The country's biggest out-of-hours doctors service is about to expand into Ryedale and parts of the Vale of York.
From early next month practices at Pickering, Kirkbymoorside, Helmsley, Ampleforth, Easingwold, Stillington, Tollerton, and Sherburn, near Malton, will form the new Ryedale Rota of the North Yorkshire Emergency Doctors (NYED).
Practices at Coxwold and Terrington which are already members of NYED will transfer to the new rota.
Patients calling a practice which is part of the co-operative out-of-hours will get a message giving a number for NYED, or be diverted straight through to the emergency doctors.
NYED has 441 GP members covering a population of one million extending from Settle in the west through Harrogate to York and Selby, and to parts of East Yorkshire and Lincolnshire.
Doctors working for the service are based at primary care centres (PCCs) throughout its area, and it also has a fleet of specially equipped cars.
A new PCC will be set up at Malton Hospital and a part-time one at Easingwold's St Monica's Hospital, and the Ryedale Rota will be served by two new four-wheel drive vehicles.
NYED general manager Mark Cockerton said he hoped to extend to Malton possibly three months after the Ryedale Rota started.

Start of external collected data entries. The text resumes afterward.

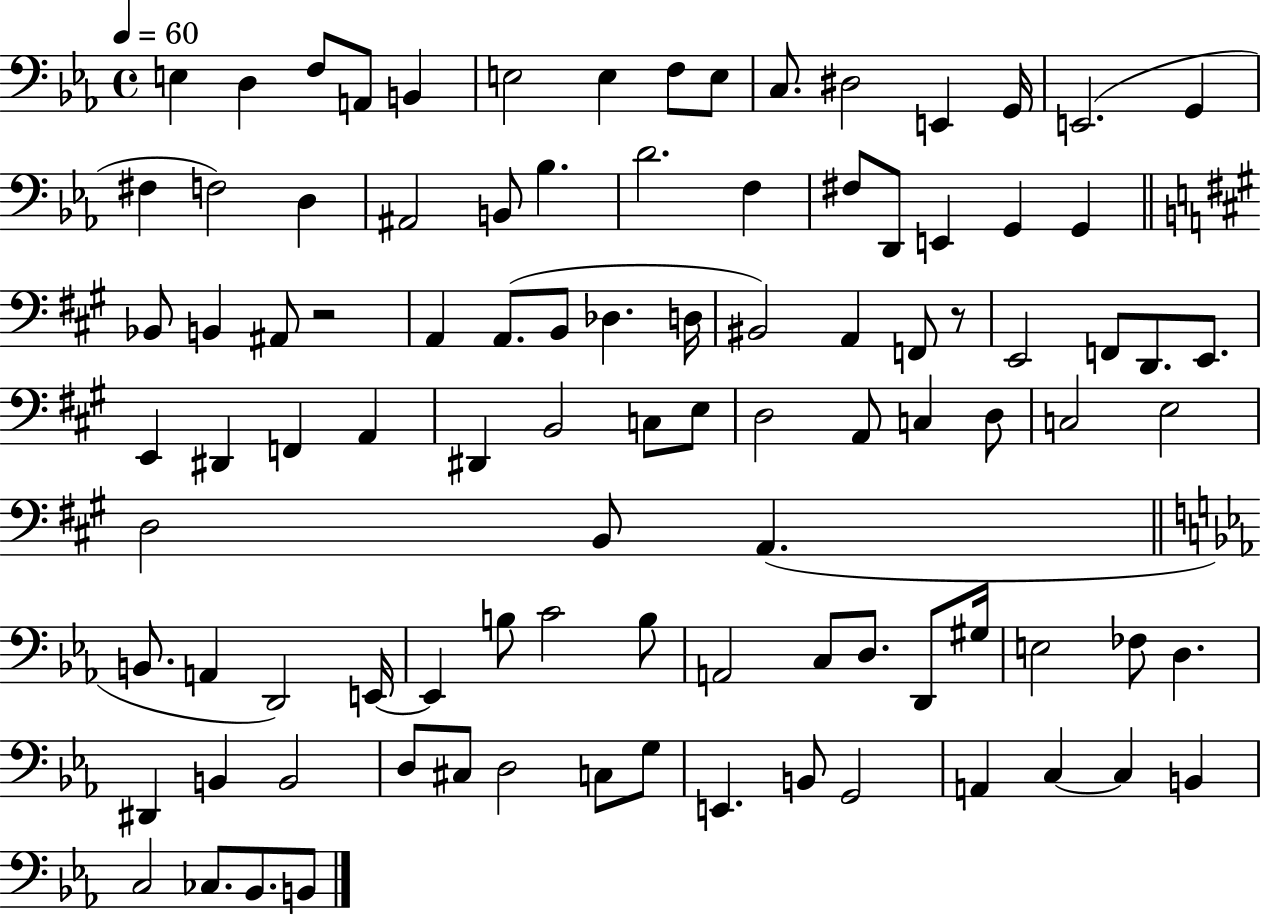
X:1
T:Untitled
M:4/4
L:1/4
K:Eb
E, D, F,/2 A,,/2 B,, E,2 E, F,/2 E,/2 C,/2 ^D,2 E,, G,,/4 E,,2 G,, ^F, F,2 D, ^A,,2 B,,/2 _B, D2 F, ^F,/2 D,,/2 E,, G,, G,, _B,,/2 B,, ^A,,/2 z2 A,, A,,/2 B,,/2 _D, D,/4 ^B,,2 A,, F,,/2 z/2 E,,2 F,,/2 D,,/2 E,,/2 E,, ^D,, F,, A,, ^D,, B,,2 C,/2 E,/2 D,2 A,,/2 C, D,/2 C,2 E,2 D,2 B,,/2 A,, B,,/2 A,, D,,2 E,,/4 E,, B,/2 C2 B,/2 A,,2 C,/2 D,/2 D,,/2 ^G,/4 E,2 _F,/2 D, ^D,, B,, B,,2 D,/2 ^C,/2 D,2 C,/2 G,/2 E,, B,,/2 G,,2 A,, C, C, B,, C,2 _C,/2 _B,,/2 B,,/2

He added: "We are delighted to be able to offer these practices the opportunity to join the majority of doctors in North Yorkshire that are already members of the co-operative, and looking forward to providing quality out-of-hours care to patients in that area.
"There is a benefit to doctors, but I believe firmly there is a benefit to patients as well."
Tests would be done to see if satellite phones were needed for communication in the Ryedale Rota area, though Mr Cockerton said its current use of mobile phones and land lines, computer communications systems and pagers provided fail-safe links in its other remote areas.
Dr Dan Cottingham, of the Pickering Medical Practice, who will be the NYED council representative for the Ryedale Rota, said he was confident it would benefit both doctors and patients, adding the service had coped well with high pressure of the Christmas-Millennium period.
He said doctors, particularly from smaller Ryedale practices, would have to cover fewer night shifts. "It means we are less tired during the day, which can only mean better services for the patients."